Begin your copy at the line with "Page 102Grabación" in the records below and end it at the line with "US-Protein-Supplement-Market", restating each line word for word; omit the pictures.
Extracted records Start Marker
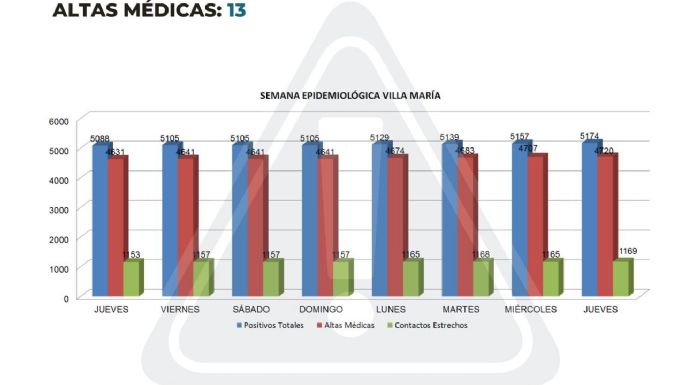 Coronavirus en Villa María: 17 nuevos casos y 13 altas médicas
Extracted records End Marker
Extracted records Start Marker
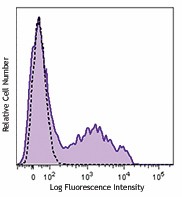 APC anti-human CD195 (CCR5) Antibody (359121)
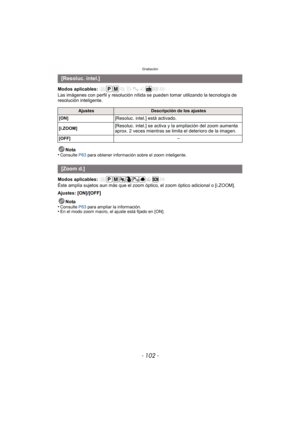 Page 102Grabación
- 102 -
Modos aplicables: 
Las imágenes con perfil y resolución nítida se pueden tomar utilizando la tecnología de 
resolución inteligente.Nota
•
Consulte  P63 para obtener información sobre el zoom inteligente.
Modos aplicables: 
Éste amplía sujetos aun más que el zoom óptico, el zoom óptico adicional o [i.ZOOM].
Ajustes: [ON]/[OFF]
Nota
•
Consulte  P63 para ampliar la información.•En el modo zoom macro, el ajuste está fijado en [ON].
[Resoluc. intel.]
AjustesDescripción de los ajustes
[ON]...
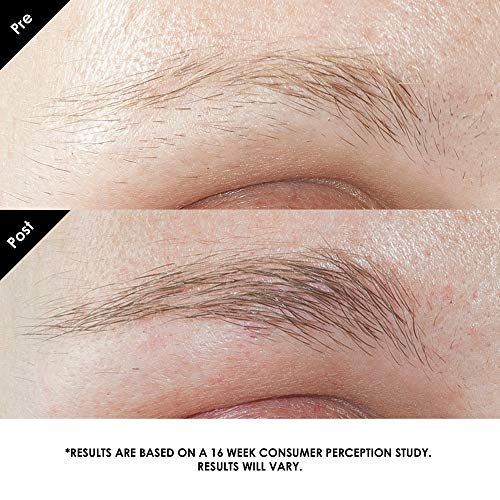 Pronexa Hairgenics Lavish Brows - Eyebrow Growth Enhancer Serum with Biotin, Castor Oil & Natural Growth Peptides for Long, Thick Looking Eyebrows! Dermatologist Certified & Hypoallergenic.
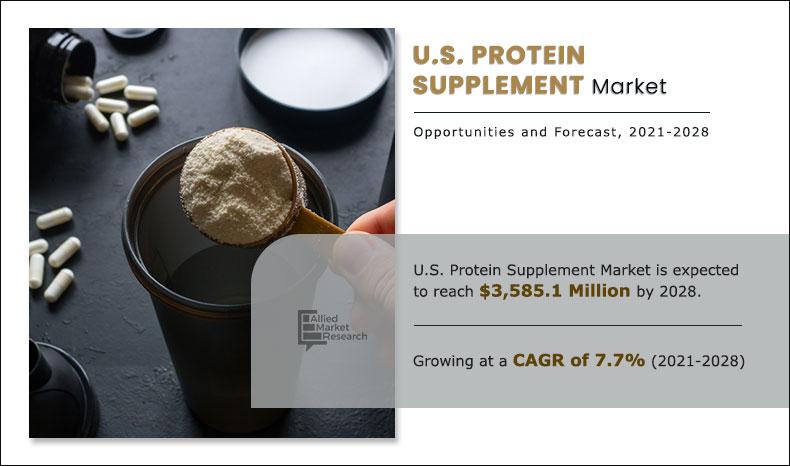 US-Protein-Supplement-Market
Extracted records End Marker
# Solved problem:
 Page 102Grabación
- 102 -
Modos aplicables: 
Las imágenes con perfil y resolución nítida se pueden tomar utilizando la tecnología de 
resolución inteligente.Nota
•
Consulte  P63 para obtener información sobre el zoom inteligente.
Modos aplicables: 
Éste amplía sujetos aun más que el zoom óptico, el zoom óptico adicional o [i.ZOOM].
Ajustes: [ON]/[OFF]
Nota
•
Consulte  P63 para ampliar la información.•En el modo zoom macro, el ajuste está fijado en [ON].
[Resoluc. intel.]
AjustesDescripción de los ajustes
[ON]...
 Pronexa Hairgenics Lavish Brows - Eyebrow Growth Enhancer Serum with Biotin, Castor Oil & Natural Growth Peptides for Long, Thick Looking Eyebrows! Dermatologist Certified & Hypoallergenic.
 US-Protein-Supplement-Market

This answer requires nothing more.